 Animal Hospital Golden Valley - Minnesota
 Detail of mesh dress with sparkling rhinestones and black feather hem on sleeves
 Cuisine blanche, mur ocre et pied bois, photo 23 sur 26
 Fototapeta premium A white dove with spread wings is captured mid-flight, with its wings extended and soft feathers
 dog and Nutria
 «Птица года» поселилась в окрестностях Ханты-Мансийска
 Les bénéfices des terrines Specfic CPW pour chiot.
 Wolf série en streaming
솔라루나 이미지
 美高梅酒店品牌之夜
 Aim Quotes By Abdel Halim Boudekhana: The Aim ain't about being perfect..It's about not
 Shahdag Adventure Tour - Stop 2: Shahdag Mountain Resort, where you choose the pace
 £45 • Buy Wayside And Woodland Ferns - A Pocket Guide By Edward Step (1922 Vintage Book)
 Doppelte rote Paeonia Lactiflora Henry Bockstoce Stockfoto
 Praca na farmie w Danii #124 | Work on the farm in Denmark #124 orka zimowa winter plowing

---

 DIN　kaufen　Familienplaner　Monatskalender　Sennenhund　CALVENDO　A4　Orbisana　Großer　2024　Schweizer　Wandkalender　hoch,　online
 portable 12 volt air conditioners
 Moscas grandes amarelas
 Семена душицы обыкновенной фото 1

...

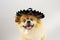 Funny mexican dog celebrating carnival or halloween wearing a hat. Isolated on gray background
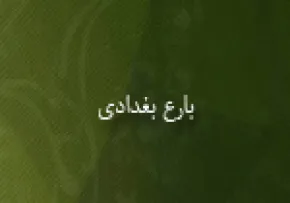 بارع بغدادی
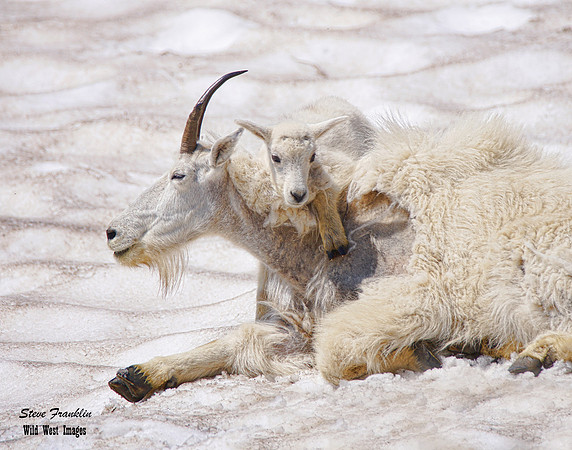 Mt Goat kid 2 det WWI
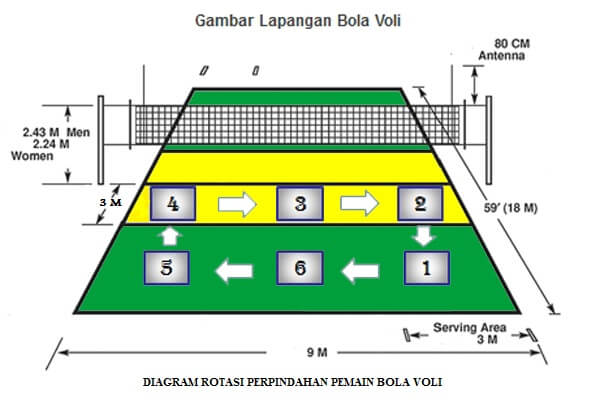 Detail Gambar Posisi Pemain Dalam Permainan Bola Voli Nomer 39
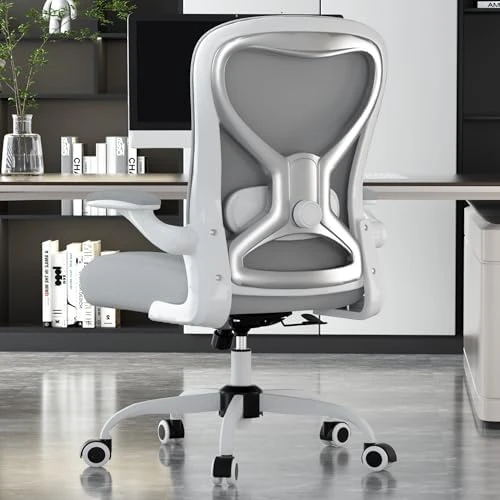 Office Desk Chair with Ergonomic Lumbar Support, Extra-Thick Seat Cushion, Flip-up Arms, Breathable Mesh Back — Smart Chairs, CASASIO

## What is needed
As the answer, set down only the lines from the data above between the one holding "DIN　kaufen　Fam" and the one holding "Семена душицы обыкновенной фото 1", inclusive, exactly as they read.

## Task solution
 DIN　kaufen　Familienplaner　Monatskalender　Sennenhund　CALVENDO　A4　Orbisana　Großer　2024　Schweizer　Wandkalender　hoch,　online
 portable 12 volt air conditioners
 Moscas grandes amarelas
 Семена душицы обыкновенной фото 1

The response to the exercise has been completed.